A second Oath Keepers member, Kelly Meggs, the leader of the Florida contingent of the group, was sentenced to 12 years in prison.
The sentenes are the first handed down in over a decade for seditious conspiracy.
“What we absolutely cannot have is a group of citizens who – because they did not like the outcome of an election, who did not believe the law was followed as it should be – foment revolution,” District Judge Amit Mehta said before handing down the sentence. “That is what you did.”
“I dare say, Mr. Rhodes – and I never have said this to anyone I have sentenced – you pose an ongoing threat and peril to our democracy and the fabric of this country,” Mehta said.
The judge added: “I dare say we all now hold our collective breaths when an election is approaching. Will we have another January 6 again? That remains to be seen.”
Mehta said Rhodes, 58, has expressed no remorse and continues to be a threat.
“A seditious conspiracy, when you take those two concepts and put it together, is among the most serious crimes an American can commit,” the judge said. “It is an offense against the government to use force. It is an offense against the people of our country.”

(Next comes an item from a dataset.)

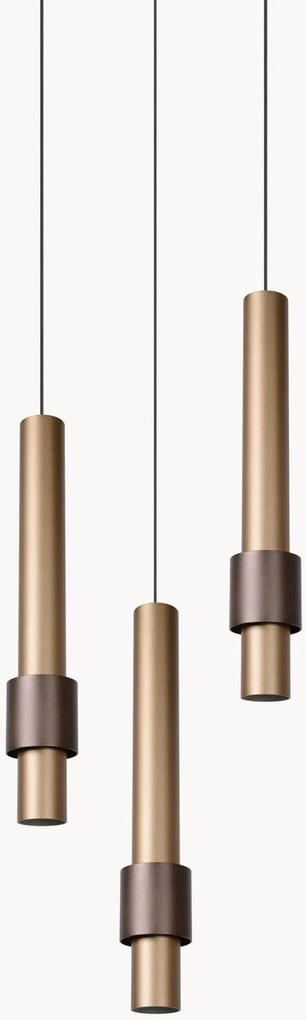 Lampada a sospensione a LED con luce regolabile Margary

Earlier on Thursday, Mehta ruled that Rhodes’ actions amounted to domestic terrorism.
“He was the one giving the orders,” Mehta said. “He was the one organizing the teams that day. He was the reason they were in fact in Washington DC. Oath Keepers wouldn’t have been there but for Stewart Rhodes, I don’t think anyone contends otherwise. He was the one who gave the order to go, and they went.”

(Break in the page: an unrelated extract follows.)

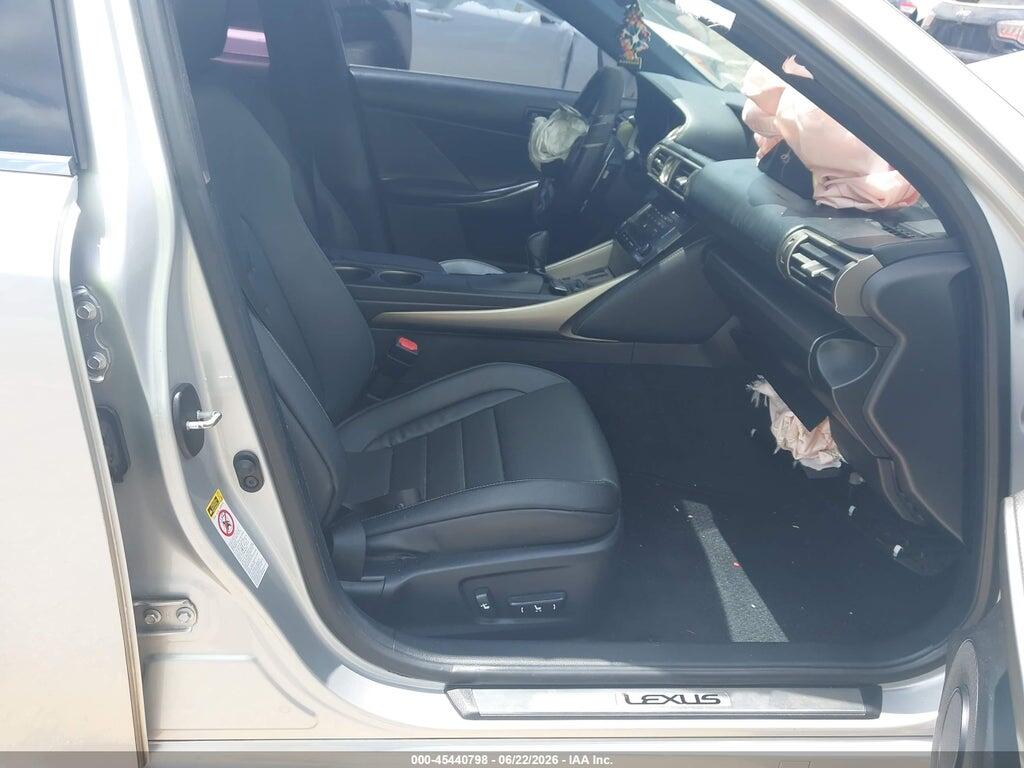 JTHBF1D2XE5008902 2014 LEXUS IS 250 photo no. 5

Rhodes was convicted of seditious conspiracy by a Washington, DC, jury in November in a historic criminal trial that was a test of the Justice Department’s ability to hold January 6 rioters accountable and validated prosecutors’ arguments that the breach of the Capitol was a grave threat to American democracy.
The seditious conspiracy charge has rarely been brought in the century and a half that the statute and its forerunners have been on the books.

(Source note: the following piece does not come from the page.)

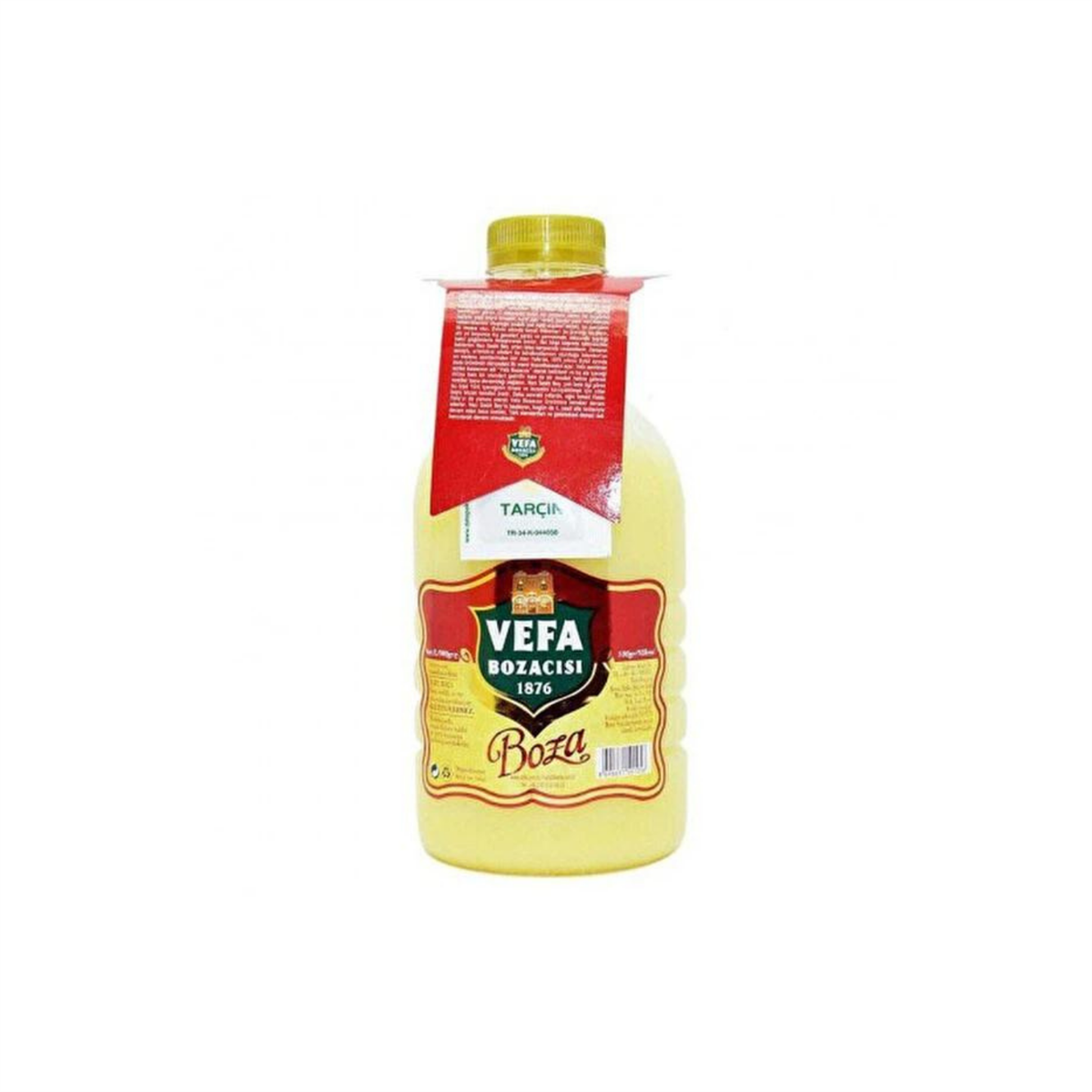 Vefa Boza 1 lt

US Capitol Police officer Harry Dunn, who testified earlier this week about his experience on January 6, told CNN that Donald Trump should be “next.”
“It is a step towards full accountability,” Dunn said. “His lawyers argued that Donald Trump is the root of the problem, and I totally agree. Let’s get him next.”
“I have a hard time finding joy or celebration in a sentence of 18 years,” Dunn said. “I believe that justice shouldn’t be celebrated – it should be expected.”
CNN National Security Analyst Juliette Kayyem said the sentencing should have a “chilling effect on these groups,” especially as the presidential election season begins.
“This tough sentence is going to make the Oath Keepers, the Proud Boys, all these organizations, it’s going to make them more difficult for them to recruit and, as important, for them to raise money,” Kayyem said.